Calculate the difference in received outputs vs expected outputs: The activaation function will provide a decimal answer between 0 and 1. We can calculate the difference in the answer that will tell us how close the neural network was to the correct answer.
Update the weights of the nodes: Using the difference calculated in #1, we can start to update the weights of each input to the nodes in the output layer.
Propagate the difference back to the other layers: Once the weights of the nodes in the output layer have been updated, we can calculate what the difference would be for the previous nodes. We continue this process until the weights for the input layer have been updated.

Once all the weights have been updated, we can run another sample of data through our network.

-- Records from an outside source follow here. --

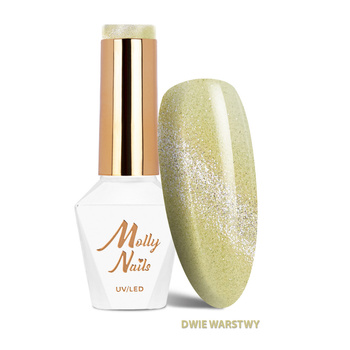 Esmalte híbrido LED/UV Gel Polish Cat Eye Crystal Water n.º 260 Champagne Molly Nails sin HEMA/Di-HEMA, 8 g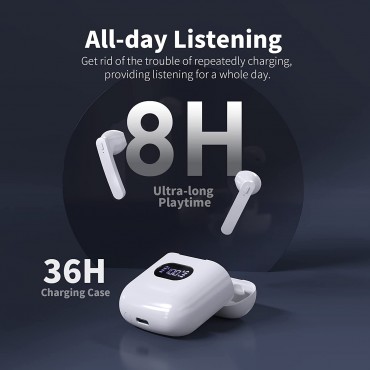 Wireless Headphones with Wireless Charging Case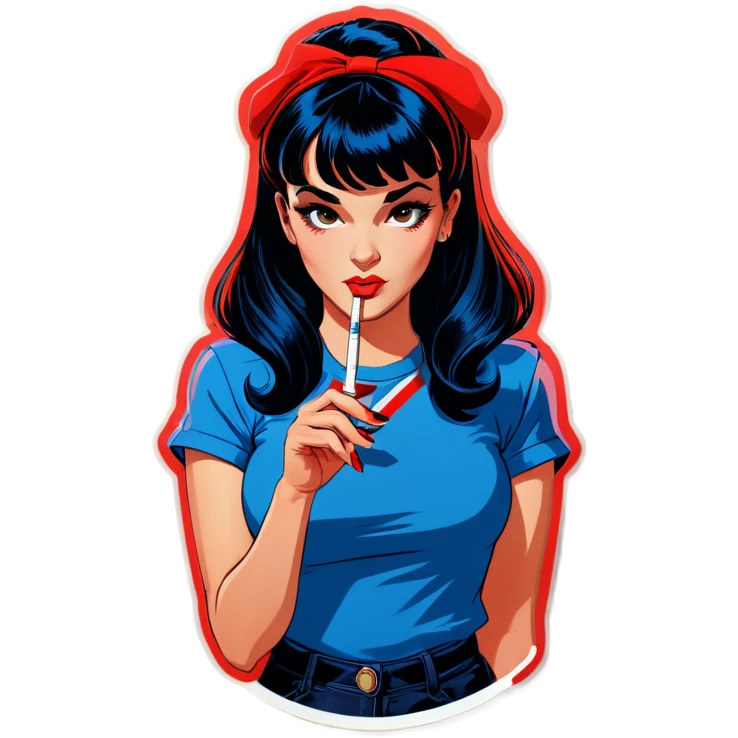 Sexy young pinup woman lighting up a cigarette she has long dark blue black hair with front bangs and she’s wearing a red t shirt  emoji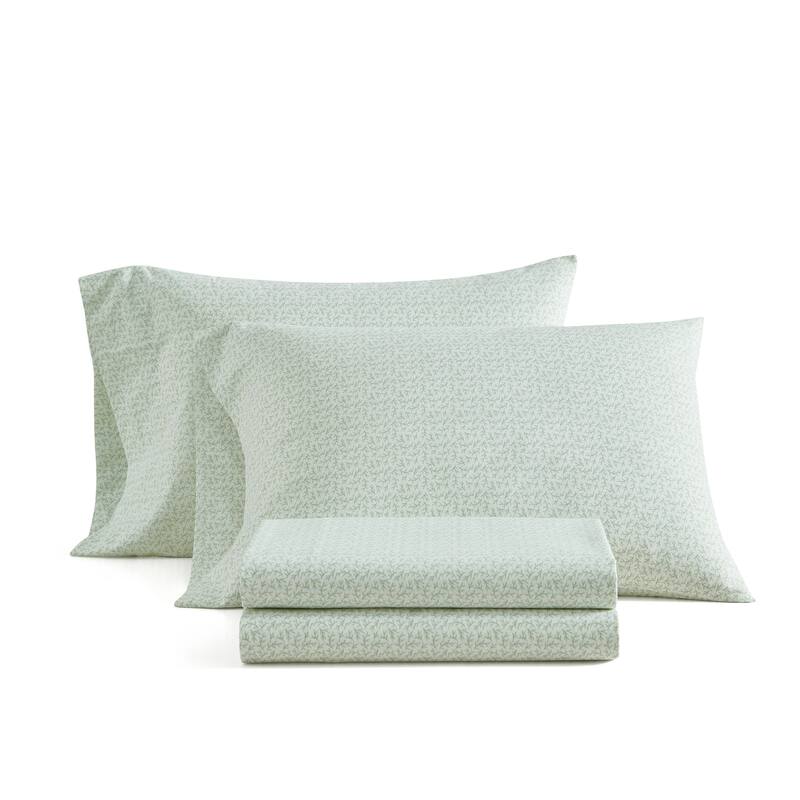 Martha Stewart Printed Cotton Percale Sheet Set - Leaves Green - King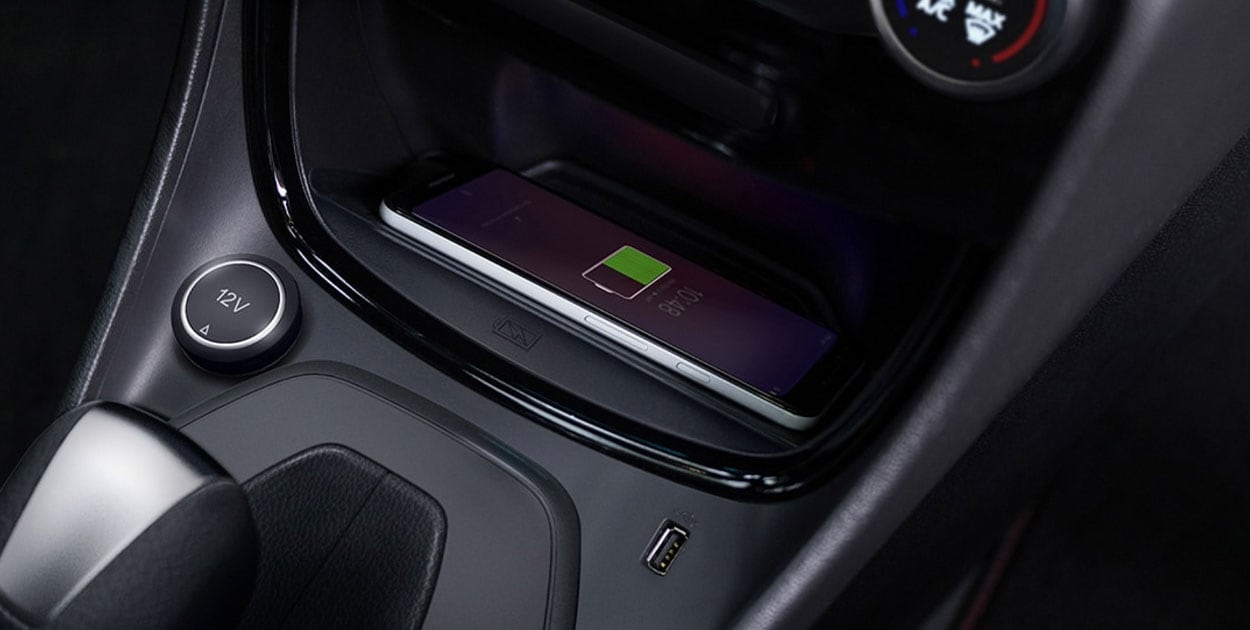 Ford Puma wireless charging a smartphone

We reppeat this process with all our samples in order to train our network.

Dataset Splits
#

Let’s say your teacher constantly tells you that 1+1 = 2 and 2+2 = 4. But, in the exam, your teacher asks you to calculate 3+3:

Have you just learned what the answer is, or did you learn the fundamental principle required to get to the answer?

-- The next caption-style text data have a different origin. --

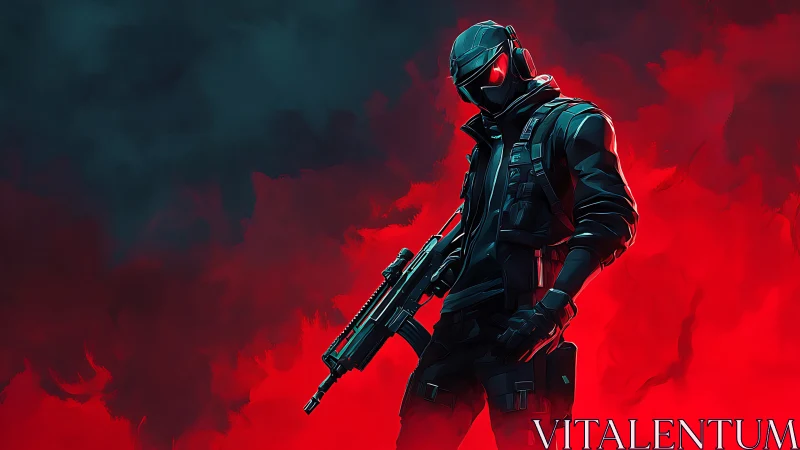 Tactical cyber-operator in red atmospheric smoke field.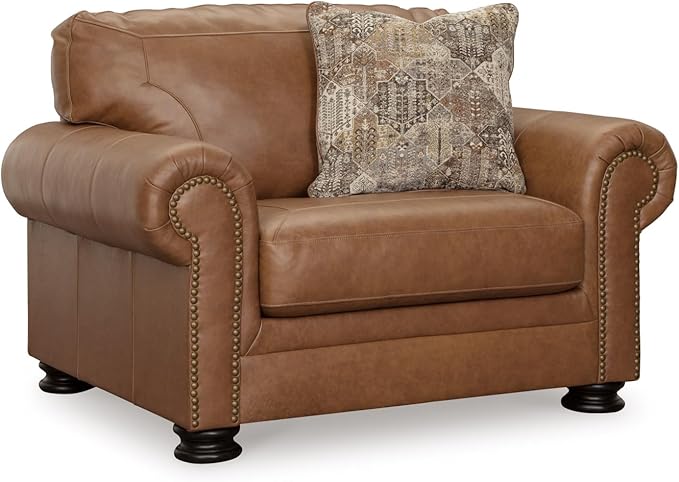 Signature Design by Ashley Carianna Contemporary Leather Match Upholstered Oversized Chair with Nailhead Trim and 1 Accent Pillow Dark Brown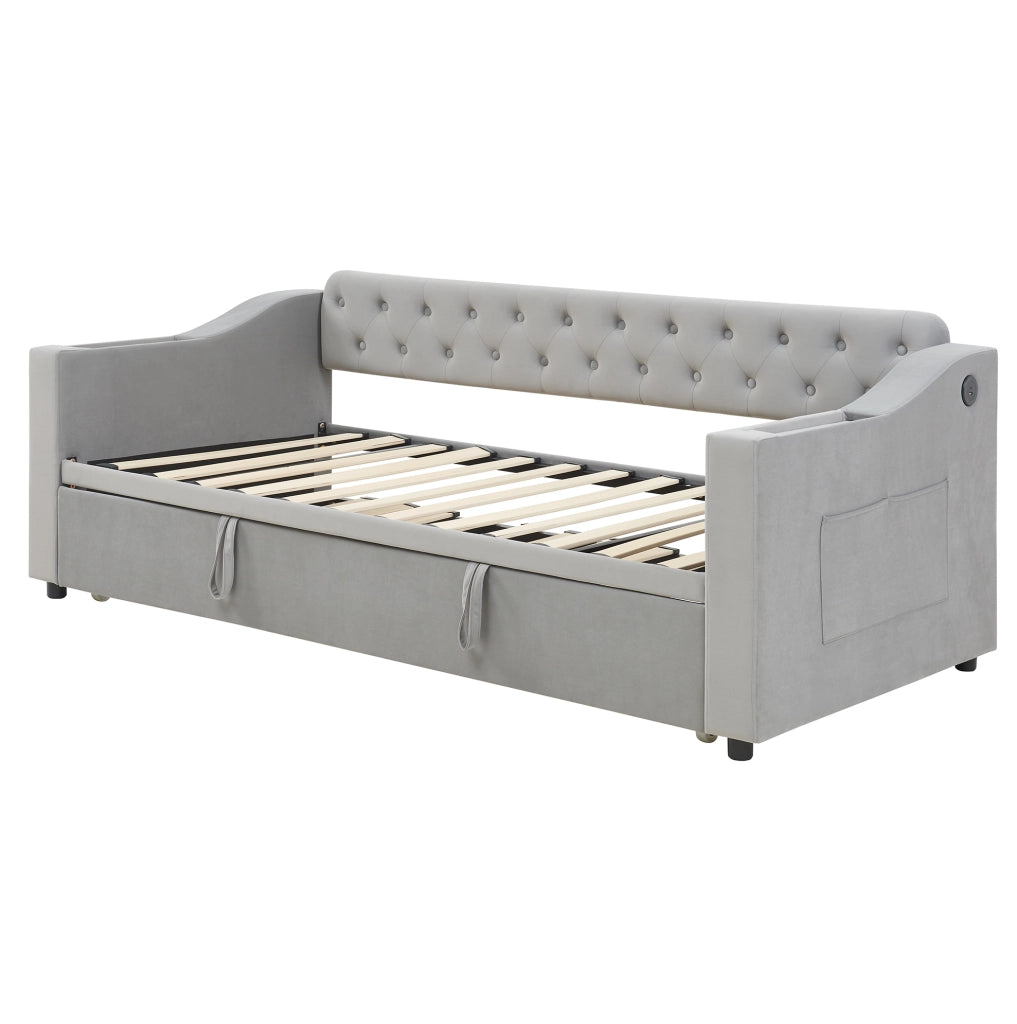 Letto imbottito 90x190 cm convertibile con rete a doghe in velluto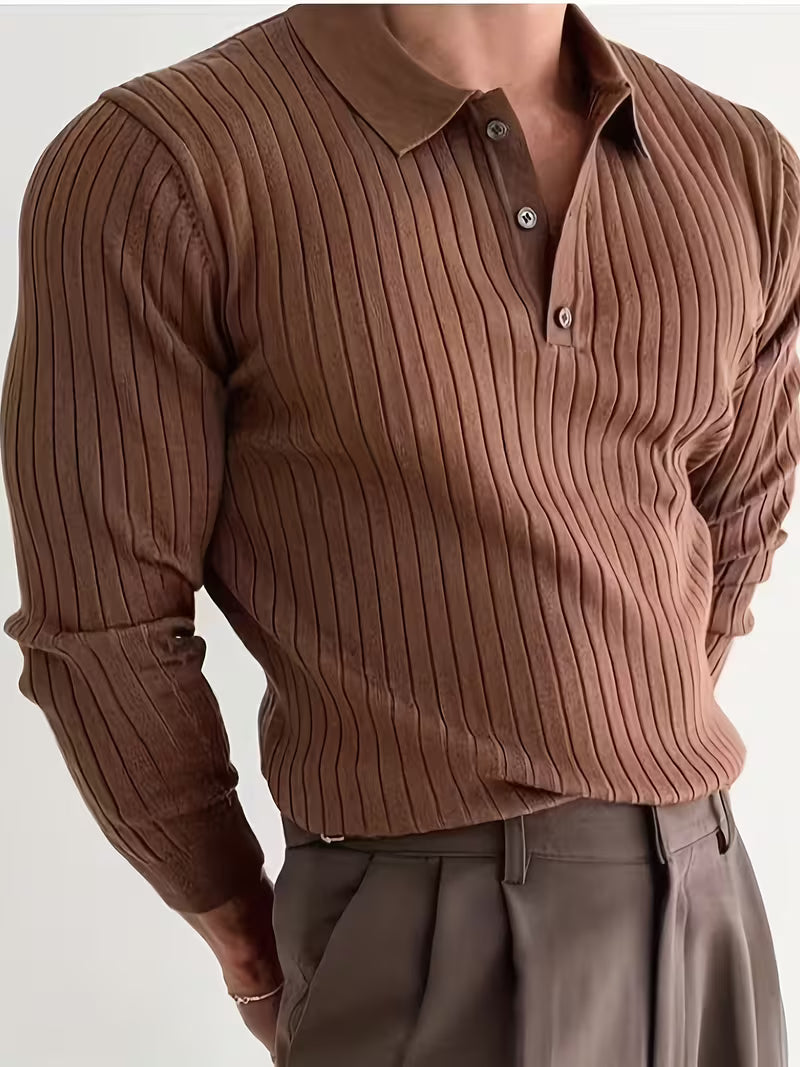 Kaeran - Κομψό πλεκτό πόλο με ραβδώσεις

You can overtrain yourself by learning the answers instead of learning the required principle itself, and it’s the same with neural networks!

We are training the network with data where we know the answers, so it’s possible for the network to simply learn the answers and not how to calculate the answer. We need to validate that our neural network is learning the process and not the answers. We have to split our dataset into three datasets to combat this:

Training data: This is our largest dataset. We use it to train the network, usually it’s about 70-80% of the original dataset.
Validation data: After each training round, we send this data through our network to determine its performance. If the performance starts to decline, we know we’re starting to overtrain and should stop the process. Usually it’s 10-15% of the original dataset.
Testing data: The network won’t see this data at all until we are done with the training process. Once training is complete, we send through the testing dataset to determine the performance of our network. Usually it’s 10-15% of the orginal dataset.

Putting it all together
#

Time to build our own neural network! We will work with 3 files:

detector.py - The script to build our neural network (some modification made by me from the original from THM).
training_dataset.csv - In this dataset, the elves have not only captured the measurements of the toys but also whether the toy was defective or not. The dataset is used to train, validate and test the model.
testing_dataset.csv - In this dataset, the elves have only captured the measurements of the toys. Once we trained our neural network, we will predict which of the entries in the file are defective toys.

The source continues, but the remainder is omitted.